Crawled caption data:
+---+

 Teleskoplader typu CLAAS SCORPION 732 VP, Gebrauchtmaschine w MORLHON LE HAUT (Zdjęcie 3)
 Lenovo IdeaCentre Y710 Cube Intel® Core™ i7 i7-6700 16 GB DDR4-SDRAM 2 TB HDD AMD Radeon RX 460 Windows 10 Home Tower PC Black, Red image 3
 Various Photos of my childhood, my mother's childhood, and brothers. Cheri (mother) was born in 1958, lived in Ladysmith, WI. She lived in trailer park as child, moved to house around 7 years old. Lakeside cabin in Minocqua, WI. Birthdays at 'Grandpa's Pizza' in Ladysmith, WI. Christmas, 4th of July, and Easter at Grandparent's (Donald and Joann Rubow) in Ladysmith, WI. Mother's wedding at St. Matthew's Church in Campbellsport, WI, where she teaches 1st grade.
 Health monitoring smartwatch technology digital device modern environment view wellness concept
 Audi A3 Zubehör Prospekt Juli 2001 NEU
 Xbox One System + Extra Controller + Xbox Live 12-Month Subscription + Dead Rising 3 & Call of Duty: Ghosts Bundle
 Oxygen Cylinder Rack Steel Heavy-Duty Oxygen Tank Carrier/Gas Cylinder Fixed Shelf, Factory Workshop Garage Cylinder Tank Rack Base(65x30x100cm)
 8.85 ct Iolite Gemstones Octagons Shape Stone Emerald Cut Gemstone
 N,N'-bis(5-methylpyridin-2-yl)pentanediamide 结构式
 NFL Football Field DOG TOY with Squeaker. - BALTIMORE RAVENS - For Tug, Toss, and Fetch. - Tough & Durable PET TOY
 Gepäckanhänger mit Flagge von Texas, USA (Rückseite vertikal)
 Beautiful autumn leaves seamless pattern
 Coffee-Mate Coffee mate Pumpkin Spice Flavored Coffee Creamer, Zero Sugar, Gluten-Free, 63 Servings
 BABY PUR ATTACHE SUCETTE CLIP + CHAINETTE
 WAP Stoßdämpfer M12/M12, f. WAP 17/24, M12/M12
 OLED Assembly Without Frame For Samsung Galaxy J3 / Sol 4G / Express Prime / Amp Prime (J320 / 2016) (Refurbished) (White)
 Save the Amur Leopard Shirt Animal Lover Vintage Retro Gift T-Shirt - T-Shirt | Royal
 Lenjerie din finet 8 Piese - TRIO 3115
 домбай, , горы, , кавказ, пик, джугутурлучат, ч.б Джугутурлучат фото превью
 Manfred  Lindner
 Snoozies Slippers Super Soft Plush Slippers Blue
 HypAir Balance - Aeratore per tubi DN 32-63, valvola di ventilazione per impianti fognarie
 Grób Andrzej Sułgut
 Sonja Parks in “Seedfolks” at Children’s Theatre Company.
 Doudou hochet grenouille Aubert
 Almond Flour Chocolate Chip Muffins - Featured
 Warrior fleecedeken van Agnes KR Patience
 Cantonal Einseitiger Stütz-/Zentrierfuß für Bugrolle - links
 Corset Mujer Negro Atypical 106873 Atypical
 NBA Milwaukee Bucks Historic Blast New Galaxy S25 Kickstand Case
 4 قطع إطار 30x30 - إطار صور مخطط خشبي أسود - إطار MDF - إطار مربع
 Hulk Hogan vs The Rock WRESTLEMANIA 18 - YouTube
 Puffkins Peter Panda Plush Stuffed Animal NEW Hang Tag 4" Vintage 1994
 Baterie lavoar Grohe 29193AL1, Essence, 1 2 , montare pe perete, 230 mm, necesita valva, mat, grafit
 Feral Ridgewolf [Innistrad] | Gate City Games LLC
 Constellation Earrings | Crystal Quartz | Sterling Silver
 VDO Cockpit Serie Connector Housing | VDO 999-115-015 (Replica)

+---+

Return each line in the records that holds the string "Animal".

 Save the Amur Leopard Shirt Animal Lover Vintage Retro Gift T-Shirt - T-Shirt | Royal
 Puffkins Peter Panda Plush Stuffed Animal NEW Hang Tag 4" Vintage 1994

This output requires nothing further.